Dataset entries Block Start

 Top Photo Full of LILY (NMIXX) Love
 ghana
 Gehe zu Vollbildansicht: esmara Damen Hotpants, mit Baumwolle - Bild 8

Dataset entries Block End
Dataset entries Block Start

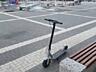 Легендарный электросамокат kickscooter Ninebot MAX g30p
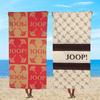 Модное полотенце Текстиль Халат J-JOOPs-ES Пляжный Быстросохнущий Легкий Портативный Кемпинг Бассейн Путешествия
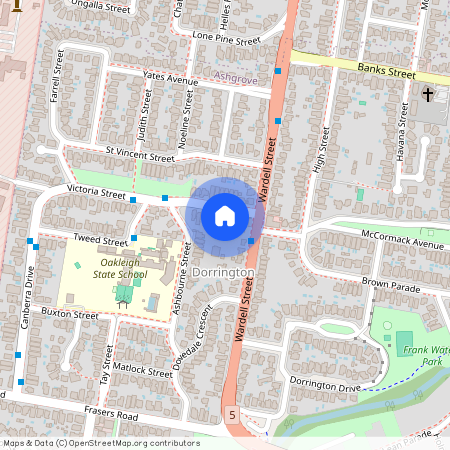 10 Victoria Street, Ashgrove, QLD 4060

Dataset entries Block End

> Your assignment
What you write out is the stretch of entries from the line containing "Легендарный электросамокат kickscooter" to the line containing "10 Victoria Street, Ashgrove, QLD 4060", word for word, with both end lines and no pictures.

> Written answer
 Легендарный электросамокат kickscooter Ninebot MAX g30p
 Модное полотенце Текстиль Халат J-JOOPs-ES Пляжный Быстросохнущий Легкий Портативный Кемпинг Бассейн Путешествия
 10 Victoria Street, Ashgrove, QLD 4060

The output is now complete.